- TASK DIRECTIONS:
Print the line containing "Fineblue FQ208 In-ear", then every line after it through the end of the material, exactly as written and without pictures.

- THE DATA:
- Opening Delimiter -

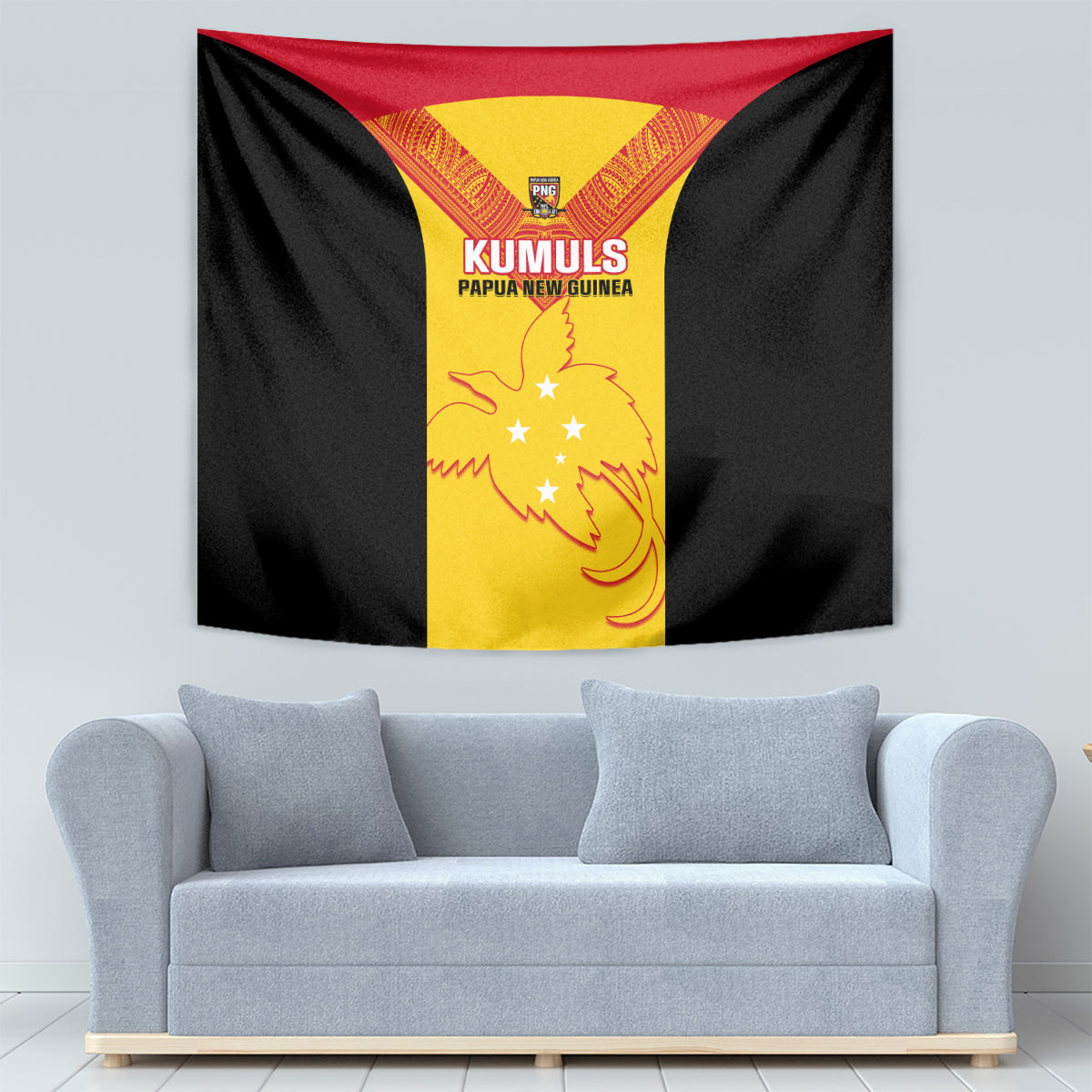 Papua New Guinea Rubgby Tapestry Pacific 2023 Go PNG Kumuls LT14 - Polynesian Pride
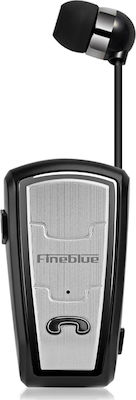 Fineblue FQ208 In-ear Bluetooth Handsfree Receiver Lapel Silver / Black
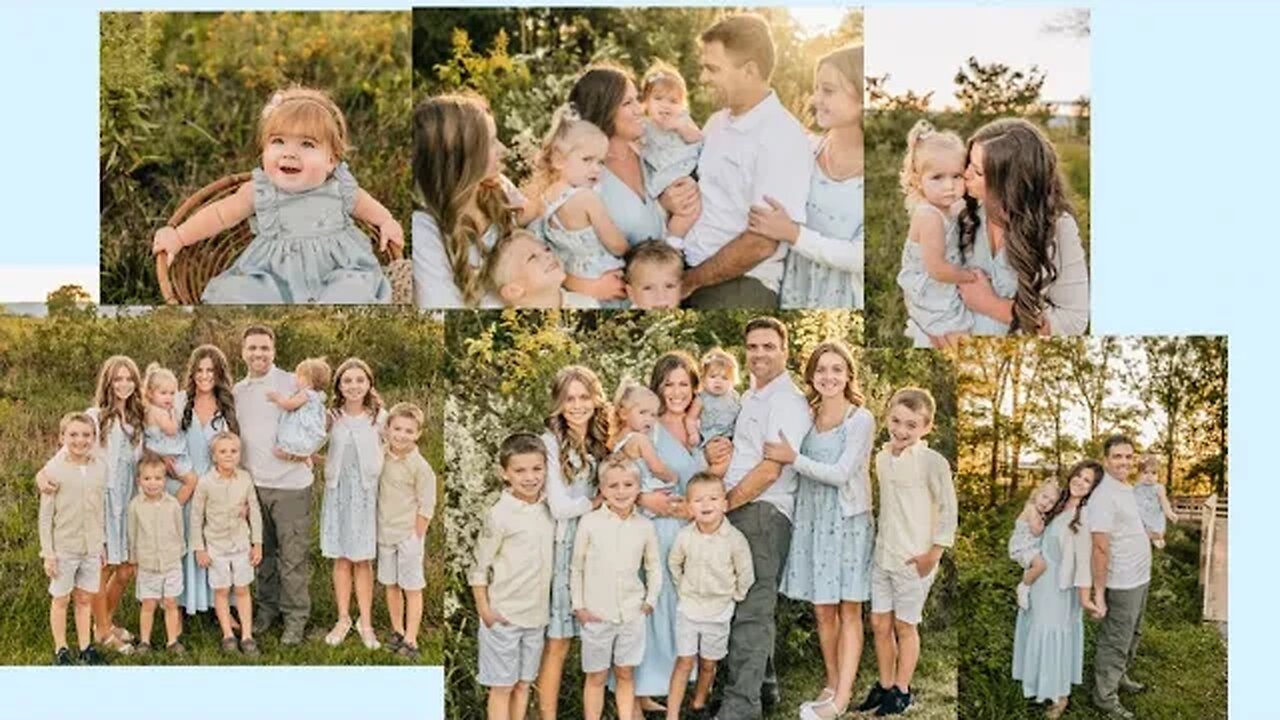 Professional Photos with a Family of 10!!!!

- Closing Delimiter -

- WRITTEN SOLUTION:
 Fineblue FQ208 In-ear Bluetooth Handsfree Receiver Lapel Silver / Black
 Professional Photos with a Family of 10!!!!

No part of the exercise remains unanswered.